* [PROBLEM STATEMENT]
Everything in the data that follows should be given again verbatim, except the images.

* [DATA EXTRACT]
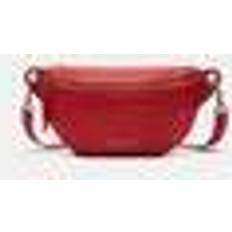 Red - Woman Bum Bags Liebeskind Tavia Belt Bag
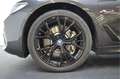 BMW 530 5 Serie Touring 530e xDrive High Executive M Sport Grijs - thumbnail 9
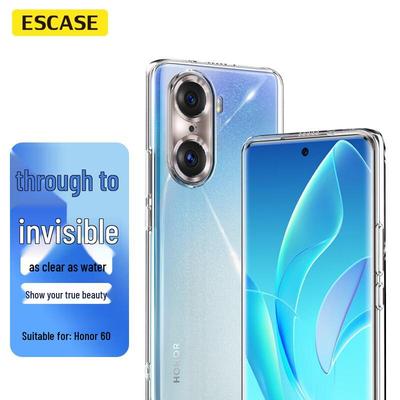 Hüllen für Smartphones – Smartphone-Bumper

* [ANSWER SECTION]
 Red - Woman Bum Bags Liebeskind Tavia Belt Bag
 BMW 530 5 Serie Touring 530e xDrive High Executive M Sport Grijs - thumbnail 9
 Hüllen für Smartphones – Smartphone-Bumper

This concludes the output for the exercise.